Faut-il faire tomber le client-roi de son piédestal ?
SI LE CLIENT EST ROI, IL ARRIVE QUE CE ROI-LÀ ÉVOLUE EN CLIENT DÉVIANT, VOIRE QU’IL DEVIENNE TOUT SIMPLEMENT… INGÉRABLE. DES CHERCHEURS ET DES PRATICIENS SE SONT POSÉ LA QUESTION POUR DÉGAGER LES RÉPONSES TYPES DES ORGANISATIONS FACE À CES COMPORTEMENTS DÉVIANTS. LE CLIENT PEUT ÊTRE UN ROI MAIS PAS UN DICTATEUR.

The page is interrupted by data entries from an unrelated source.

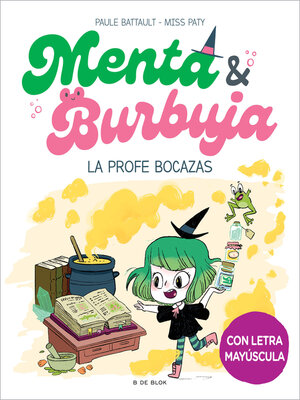 cover image of Menta y Burbuja 3--La profe bocazas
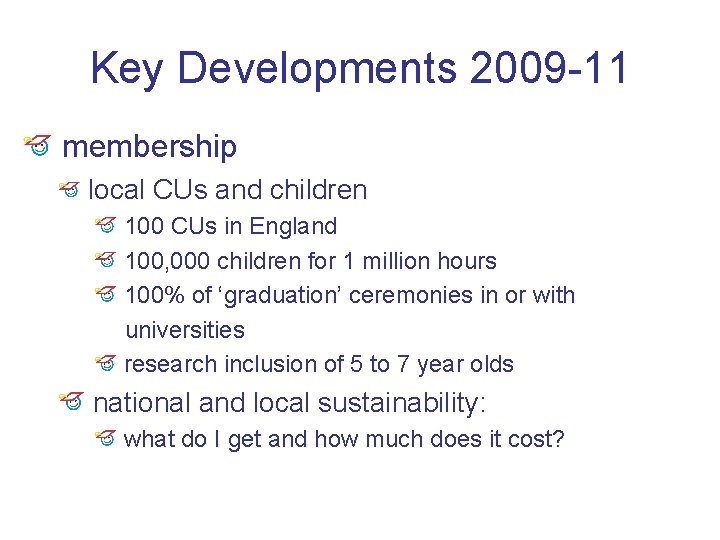 Key Developments 2009 -11 membership local CUs and children 100 CUs in England 100,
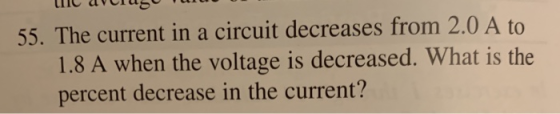 55. The current in a circuit decreases from 2.0 A to 1.8 A when the voltage is decreased. What is the percent decrease in the
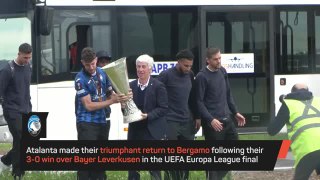Atalanta return to Bergamo after Europa League triumph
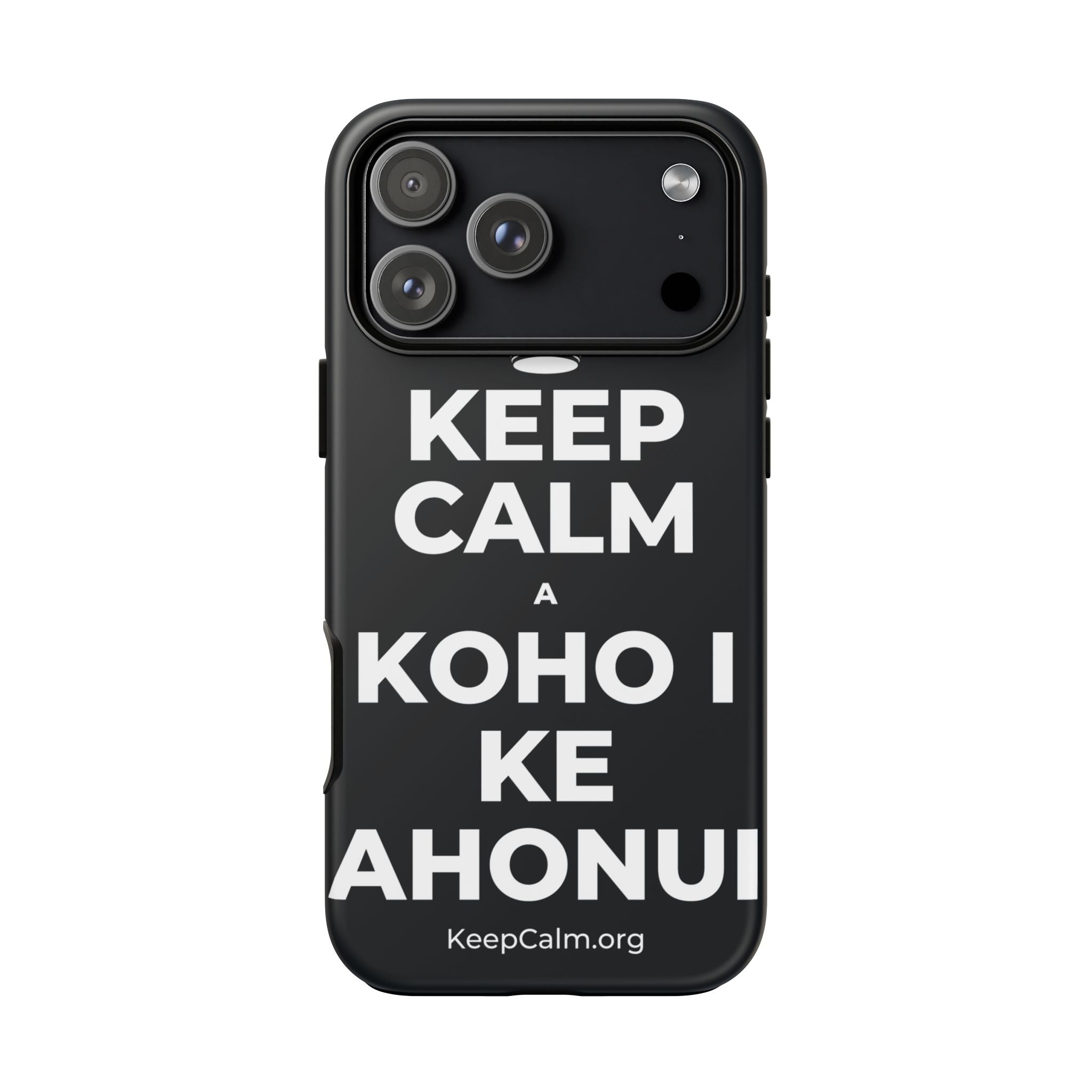 KEEP CALM A KOHO I KE AHONUI Phone Case (Dark)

Jean-Baptiste Suquet | Aurélien Rouquet | Jean-Michel Huet (PGE 97) | Xavier Metz |
Jusqu'où tient le mythe ?
On ressasse depuis longtemps, des bancs de l’université aux comités de direction, que le client est roi. Il convient de le satisfaire, et c’est de sa satisfaction que découle le succès d’une entreprise. Relayé à tous les étages des organisations, ce discours est devenu un mythe : c’est-à-dire qu’il n’est plus ni discuté ni discutable par les acteurs de la relation client. Pourtant, alors que cette dernière implique une pluralité de parties prenantes, la préséance des clients est une question à se poser sérieusement, au-delà du mythe.
Le mythe, du fait de sa nature de discours simplificateur qui donne du sens et légitime un état de fait, contribue en effet à masquer la complexité des relations de pouvoir en jeu dans la relation client. Pour le dire autrement, en présentant une version heureuse et idéale de la relation entre les clients et les acteurs au contact de ces derniers, managers et employés, le mythe du client-roi passe sous silence les difficultés qu’il occasionne pour le personnel de l’entreprise.
Les retours du terrain convergent ainsi pour souligner les écarts de conduite récurrents des clients auxquels sont confrontés les employés : insultes, harcèlement, incivilités, fraude… Ces phénomènes ne sont ni ponctuels, ni limités à un secteur ou à une catégorie de clientèle. Bien au contraire, encouragés par le sentiment d’impunité que diffuse le discours du client-roi, ils sont devenus endémiques, et font aujourd’hui partie du quotidien des acteurs opérationnels. Cela soulève la double question de leur capacité à endurer ces comportements, et du soutien apporté par l’organisation.
Or, il est souvent délicat pour les organisations de réagir, et de donner tort au client. Les acteurs opérationnels eux-mêmes sont ambivalents, et s’ils constatent les excès auxquels peut mener le mythe, ils ne vont pas jusqu’à le remettre en cause. Cela génère une situation dans laquelle le mythe perdure, sans que ne soit réglé les difficultés qu’il cause sur le terrain. Stress, turnover, moindre qualité de service… Est-ce vraiment vertueux ou performant ou contreproductif ? Il y a probablement
un moment où les acteurs opérationnels disent « stop ».